Etiology and pathogenesis
Most etiologies of neocortical epilepsies are low-grade tumors, malformations of cortical development, posttraumatic, ischemic, and inflammatory-infectious scars, and cavernous angioma (03; 10; 06).
Pathophysiology
There is no unique pathophysiology to neocortical temporal lobe seizure origin. Any destructive, neoplastic, vascular, or congenital epileptogenic lesion can result in seizures from these regions. As previously noted, preferential spread patterns may be to mesial structures, producing seizures similar to mesial temporal lobe seizures. Other potential spread patterns have not been extensively studied.

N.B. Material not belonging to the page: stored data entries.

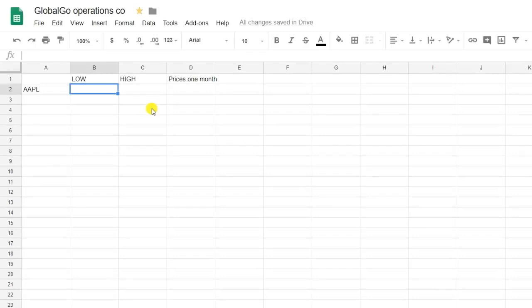Hello, I'm Mitchell from Sheetgo and today I'm going to teach you how to use the Google Finance formula in Google Sheets.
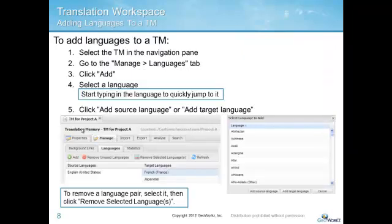To define the language pairs to be used in a TM, select the TM and then go to Manage Languages tab. Click Add to find the language and click Add Source Language or Add Target Language as appropriate.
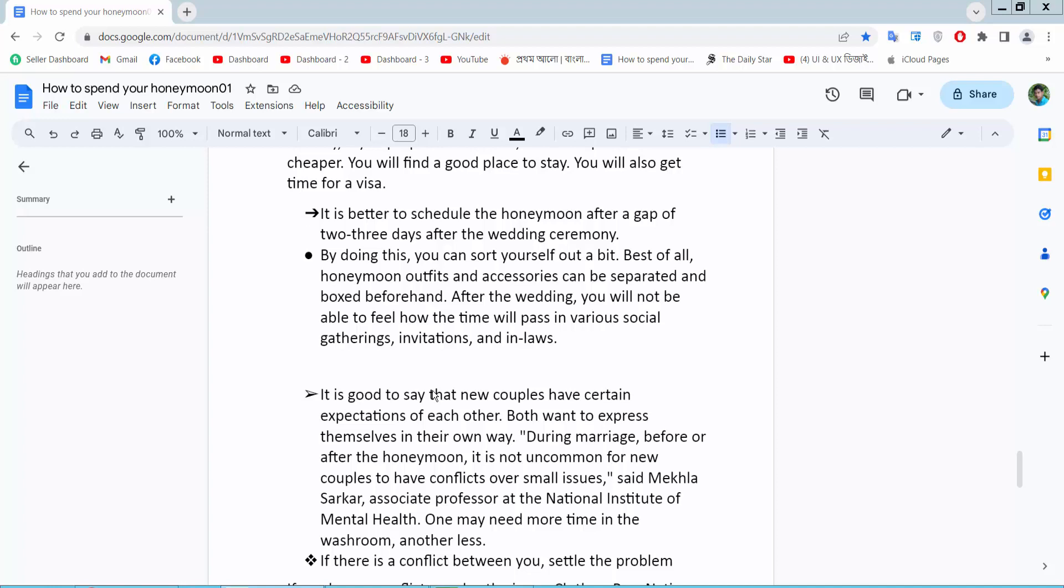Hello everyone, today I will show you how to change bullet points in Google Docs. Open your docs file. Now I will change this bullet point - click on the bullet point and here we will find this bullet point option.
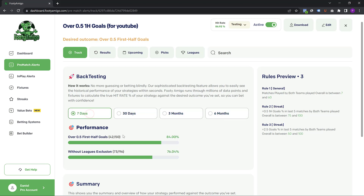Footy Amigo has found 50 games in the last seven days that meet the rules I've set. 42 out of those games were actually a win for the outcome of over 0.5 first half goals. The hit rate for this strategy in the last seven days is actually 84%, which is a very, very high hit rate. And because we've done the automatic league exclusion, Footy Amigo has actually excluded some low performing leagues.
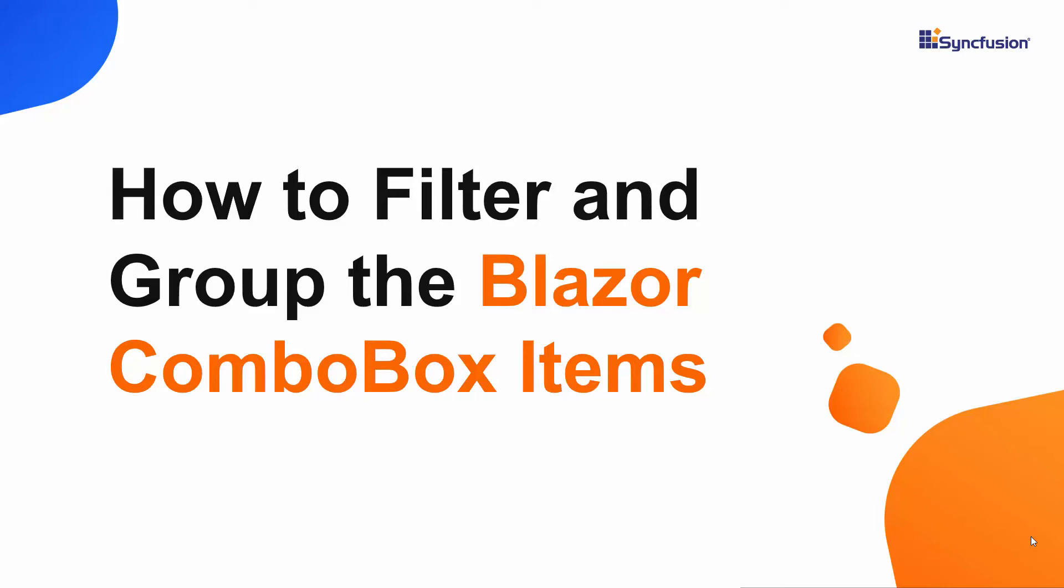Hi everyone, welcome back. In this video, you will see how to group and filter items in a Syncfusion Blazor ComboBox component.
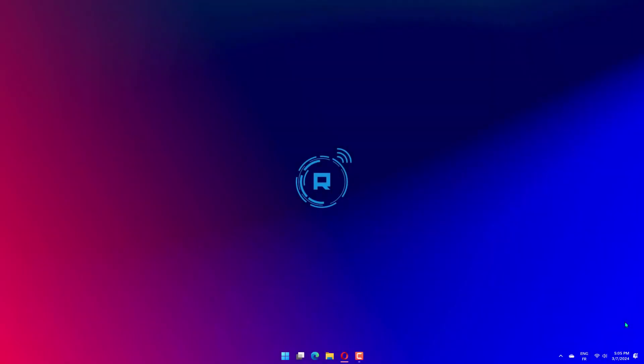Hello guys, how are you doing? This is Tech Rita here with another video. We will fix the 0xc190011f Windows Update error.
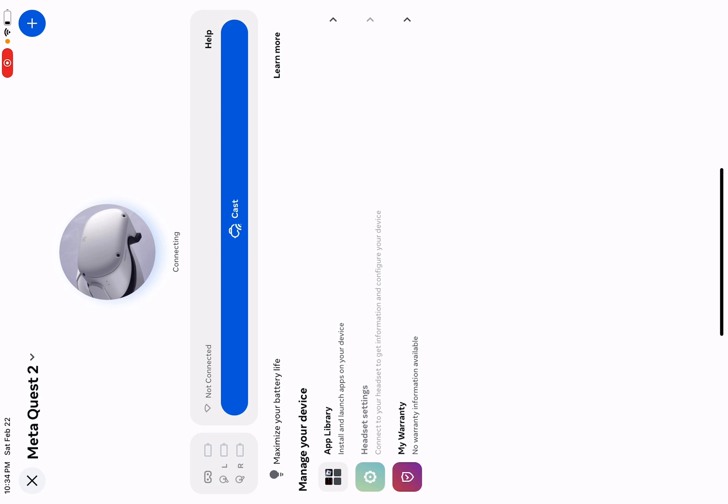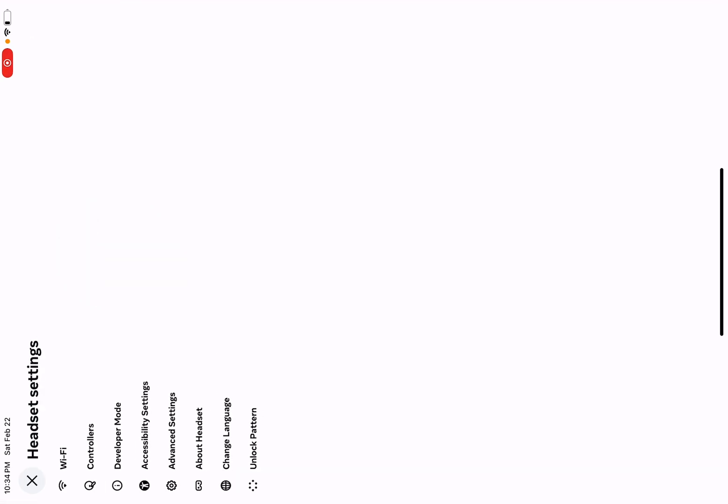You have to pair the headset, so I would recommend watching a tutorial about that. Then you're going to click Headset Settings, Controllers, and pair a new controller.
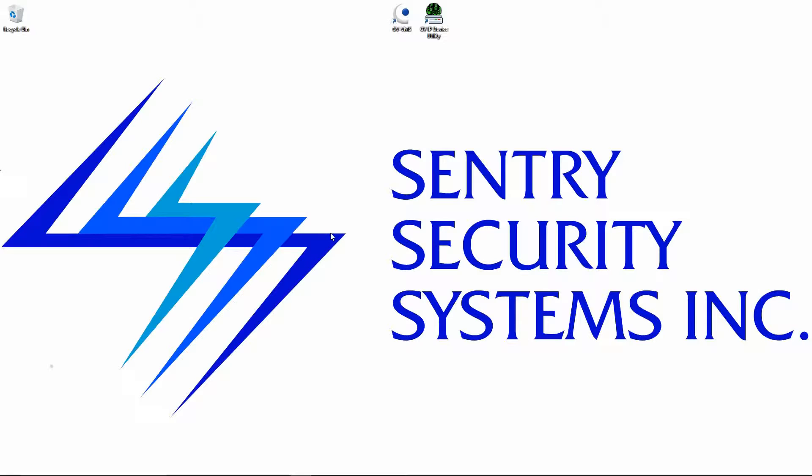Hey guys, this is Mike with Sentry Security Systems Incorporated. In this week's video in the how-to series for the GeoVision VMS software, we're going to take a look at hard drives and discuss some things that you need to consider when purchasing hard drives and configuring hard drives.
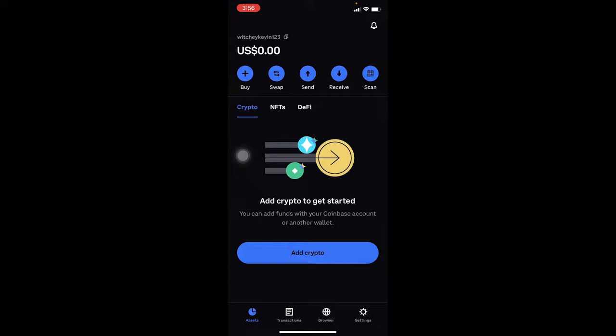First step, if you want to transfer crypto from Coinbase to Coinbase Wallet, you first need to get the address of the crypto which you're transferring from Coinbase Wallet. We want to receive on Coinbase Wallet, that's why we need to copy the address of Ethereum from Coinbase Wallet.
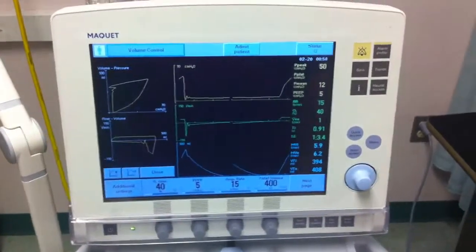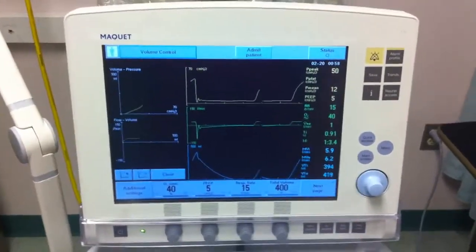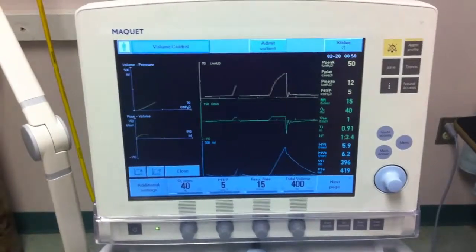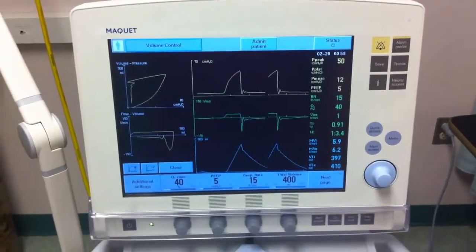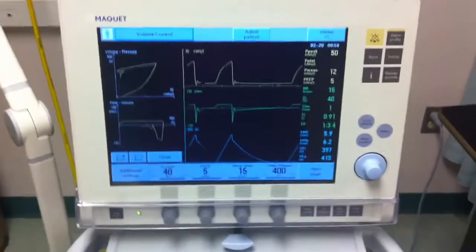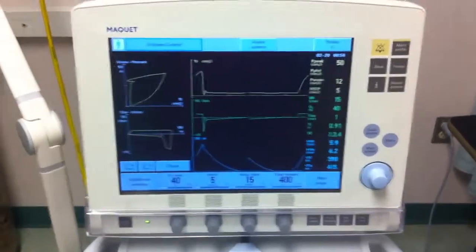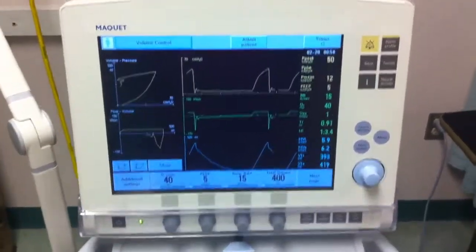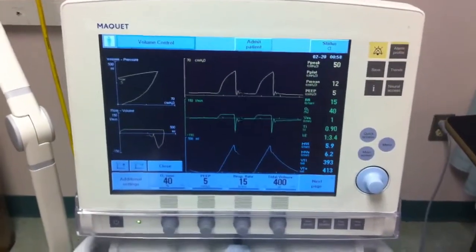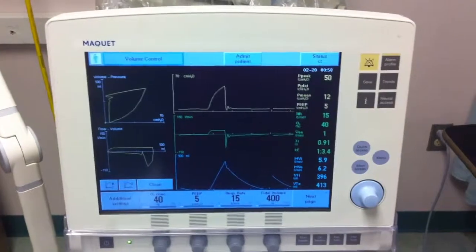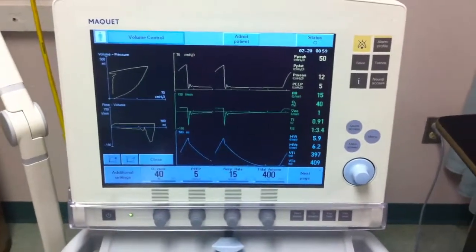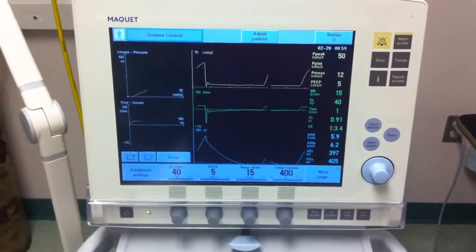This patient is intubated with an 8.0 endotracheal tube. The tidal volume you can assume to be appropriate for ideal body weight at this time. There is no other significant past or present medical history to be noted. You notice an FiO2 of 40%, PEEP of 5, respiratory rate of 15, and assist control. You notice no spontaneous respiratory effort at this time.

Dipole modeling of ictal and interictal patterns have shown differences between neocortical and mesial temporal lobe seizures. Ictal scalp EEG patterns may also help differentiate the two types of temporal lobe seizures (18; 56; 40; 48), but intracranial EEG recording may be required to differentiate between mesial temporal and lateral neocortical seizure onset. Coherence analysis of ictal data from intracranial studies can identify different subtypes of temporal lobe seizures and assist in distinguishing lateral from mesial temporal lobe seizures (01).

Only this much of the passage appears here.